Am 28.07.20 um 23:51 schrieb Tim Allison:
Reports are here:
https://corpora.tika.apache.org/base/reports/pdfbox-2.0.21-SNAPSHOT.tgz
Looks like extraction improved slightly. I found a bug at the Tika level
that is creating a few more exceptions (will fix soon), but this is not a
problem for PDFBox.
I was able to turn back on our unit test that counted characters and
non-unicode mapped characters.
I'll look a bit tomorrow, but this looks good to me.

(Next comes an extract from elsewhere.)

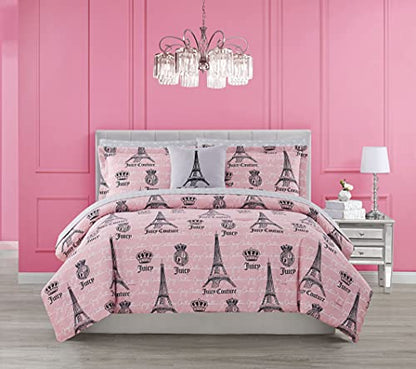  Juicy Couture – Bedding Set | Juicy In Paris Design Bed Sheets| Twin Bedding | 6 Piece Set | 100% Microfiber Polyester | Wrinkle Resistant And Anti Pilling | Pink/Black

Do you some time to rerun those tests using the latest SNAPSHOT?
Andreas
Again, many thanks to Maruan! The processing speeds were, um, much, much
faster.
Best,
Tim
On Tue, Jul 28, 2020 at 10:56 AM Andreas Lehmkuehler <andr...@lehmi.de>
wrote:
Yes, please
Thanks in advance!
Am 28.07.20 um 12:45 schrieb Tim Allison:
Y. I can run these today
On Tue, Jul 28, 2020 at 2:58 AM Andreas Lehmkuehler <andr...@lehmi.de>
wrote:
Hi,
is there any chance to run the PDFBox regression tests (2.0.20 vs.
SNAPSHOT) on
our new box? Does anyone had the cycles to prepare something ready to
start?
If not, is there anything I can do to help? I'm planning to cut a new
PDFBox
release soon.
Cheers
Andreas